We are called to turn our backs on all that draws us from God – the devil, all that defies God, and from the ways of sin. Fun fact: The part in the baptism liturgy we call “The profession of Faith,” – the renouncing part -  comes from an ancient rite of exorcism. That’s right. This morning we were casting out the demons like sin, evil, and selfishness that steer us away from God and infiltrate our luggage.

Jesus tells us to leave these things home. We won’t be needing them where he is calling us to go. And you know what? We can just leave them right here – right at the foot of the cross… and walk away.

Instead, God will fill our hands with the hands of others, in partnership, healing, and reconciliation. God will fill our hands with body of Christ given to us in the sacrament of holy communion. And God will also fill our hearts with the Holy Spirit’s fire for justice, to right all the wrongs in the world perpetrated against God’s beloved children.

Jesus goes with us on this journey, and is better than anything we could bring along of our own devising. And we are going to need lots of Jesus’ help on this road. Because we are being called straight into the mouth of the wolves, called to be doves of peace into a world where fear and hate and racism and sexism and all kinds of phobias reign supreme – or at least they think they do. We are marching straight into a world of brother betraying sister, heterosexual betraying members of the LGBTQ community, white betraying black, cis gender betraying those who are trans gender, rich betraying poor.
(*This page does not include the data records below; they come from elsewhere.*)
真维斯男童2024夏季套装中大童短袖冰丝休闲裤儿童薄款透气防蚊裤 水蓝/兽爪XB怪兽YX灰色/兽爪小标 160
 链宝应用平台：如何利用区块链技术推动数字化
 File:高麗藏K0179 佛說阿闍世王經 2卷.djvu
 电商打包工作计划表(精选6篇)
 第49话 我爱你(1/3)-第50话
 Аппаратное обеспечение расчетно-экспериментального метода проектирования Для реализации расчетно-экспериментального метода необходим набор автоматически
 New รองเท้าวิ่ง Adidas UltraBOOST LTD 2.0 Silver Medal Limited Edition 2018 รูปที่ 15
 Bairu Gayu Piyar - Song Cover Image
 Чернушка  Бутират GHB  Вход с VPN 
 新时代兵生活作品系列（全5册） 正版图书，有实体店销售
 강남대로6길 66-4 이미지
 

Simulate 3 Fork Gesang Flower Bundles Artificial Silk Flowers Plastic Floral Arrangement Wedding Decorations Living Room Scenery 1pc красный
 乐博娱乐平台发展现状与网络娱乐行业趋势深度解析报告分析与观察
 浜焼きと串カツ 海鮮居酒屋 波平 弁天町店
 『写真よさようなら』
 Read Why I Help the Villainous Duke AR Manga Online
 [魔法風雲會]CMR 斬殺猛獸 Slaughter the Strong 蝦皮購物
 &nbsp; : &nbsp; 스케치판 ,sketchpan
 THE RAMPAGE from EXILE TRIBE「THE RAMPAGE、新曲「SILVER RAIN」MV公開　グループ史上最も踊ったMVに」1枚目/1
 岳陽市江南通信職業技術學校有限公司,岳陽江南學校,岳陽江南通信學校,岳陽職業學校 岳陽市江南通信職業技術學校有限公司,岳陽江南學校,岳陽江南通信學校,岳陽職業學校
Tomorrow is a little-known holiday called Juneteenth. In about a hundred and fifty years ago, on June 19th, slaves in the south were informed they had been set free by the Emancipation proclamation… which had become official TWO AND A HALF YEARS before. White people had delayed the news, so that the freed African Americans would bear the weight of oppression for an extra two and a half years. Brother betrays brother.

Two years ago, yesterday, a white gunman entered a Bible study at Mother Emmanuel AME Church in Charleston South Carolina and killed 9 people who had welcomed him. The pastor had received his Master of Divinity at a Lutheran Seminary. The shooter Dylan Roof grew up in an ELCA Church. Brother betrays brother.

Almost a year ago, a black man was fatally shot in his car with his wife and 4-year-old child watching him bleed out and die. The police officer who shot him was just cleared of all charges. Brother betrays brother.

Also just over a year ago, a gunman opened fire at the Pulse night club in Orlando, and almost 50 people died in the largest attack on the LGBTQ community. Brother betrays brother. This is the world we are living in. But it doesn’t have to be this way.

So much violence. We certainly have a long way to go. And the way seems overwhelming at times. A pastor colleague is completely right when she wrote, “The world is a violent, unjust place, and Jesus tells us to go out and proclaim the good news to it anyway.” And I would add that we we are carrying with us exactly what we need to face the wolves.
WE CARRY the mark of the cross of Christ on our foreheads, just like Anna, the newest member of Family of God, of THE WHOLE family of God.

WE CARRY the body and blood of our Lord Jesus to sustain us from week to week.
WE CARRY OPEN HANDS, so that we can reach out to our neighbors in welcome: our black neighbor, our white neighbor, our police neighbor and our military neighbor, or Jewish and our Muslim neighbor. Our brothers and our sisters, transgender, straight, gay, rich, poor, citizen, and immigrant neighbor.

WE CARRY one another, so that we never have to carry our burdens alone. And through it all, GOD CARRIES US. Always. Thanks be to God. Amen.